I recently shared this quote with a few teachers when I gifted them a book.

“In times of change learners inherit the earth; while the learned find themselves beautifully equipped to deal with a world that no longer exists.” ~ Eric Hoffer

In a conversation with another educator this weekend we talked about the fact that we both knew some people who were terribly upset about technology upgrades because it took them out of their comfort zones. This isn’t just a fear of change, it’s also a frustration about not having everything where it ‘should be’. It can be hard to lose your favourites on your browser, if you never signed in and saved them. It can be frustrating to sign into all your accounts again, or to re-setup all your quick shortcuts (again).

But maybe this becomes the time that this person can learn to sign into their browser and take their favourites with them wherever they go.
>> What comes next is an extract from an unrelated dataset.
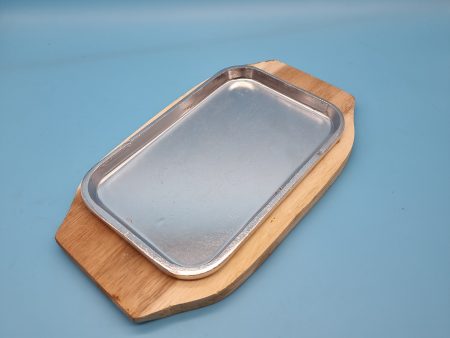 Hot Sizzling Plate + Wooden Base   - Rectangular Aluminium For Cheap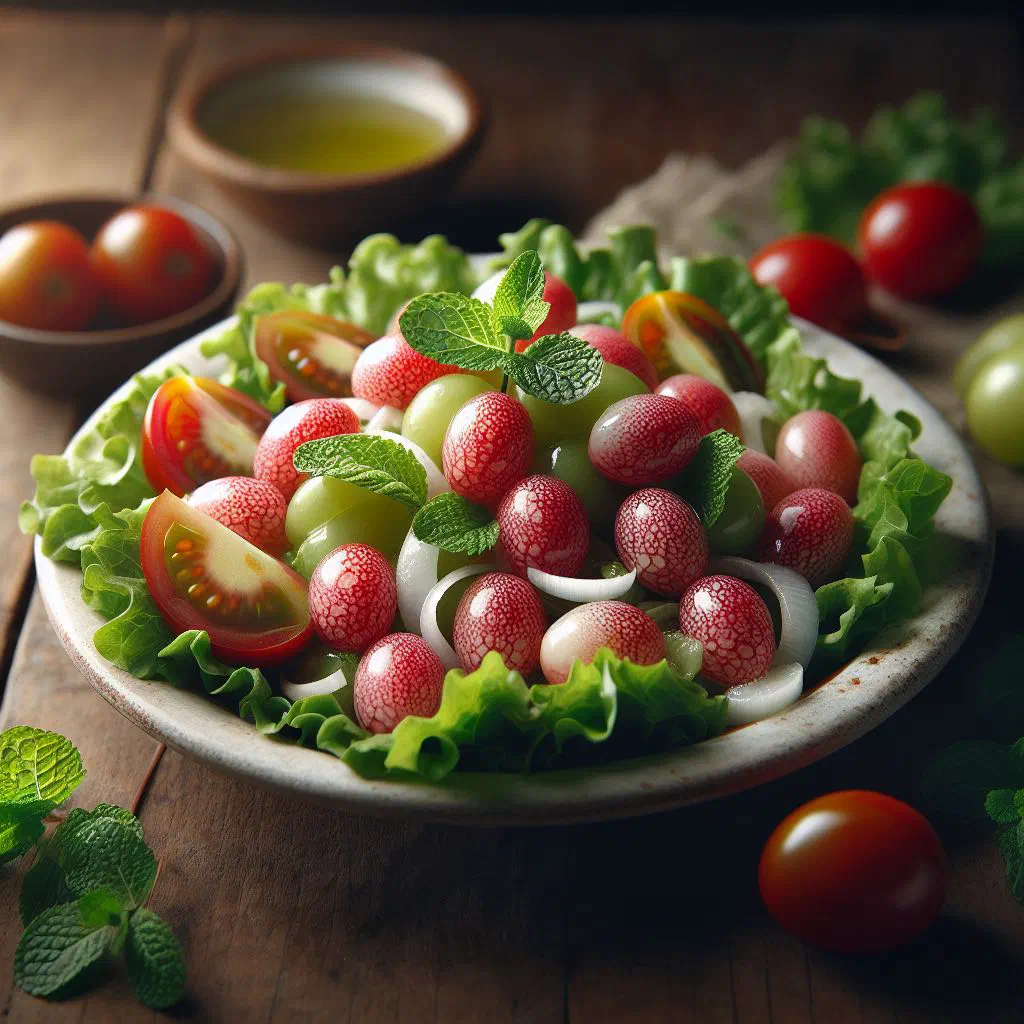 Fresh murta berry salad with cucumber, carrot and red onion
Maybe they can begin to use the cloud to save their documents rather than their hard drive. But they won’t do this without help.

We can share fancy quotes about the importance of lifelong learning, but if we aren’t helping to foster adult learners on their journey, then are we fostering a learning culture ourselves? Everyone is on their own journey with their own comfort levels. When we push people out of their comfort zones, we need to provide the scaffolding and support so that they can learn and adapt. That doesn’t mean that we keep people in their comfort zone, that we don’t make the need to change… But it does mean that too much frustration without support leads to people shutting down rather than being willing to change.

Delightful laugh

We have a student at our school with the most delightful laugh. She spends her day in the classroom across from our office and she finds many times during the day to share that laugh. My office staff have told me that the same students have to stay in that room, Room 8, next year, because they want to keep this student close (our other classrooms are quite far from the office). While this won’t work with our planning, I totally agree with them.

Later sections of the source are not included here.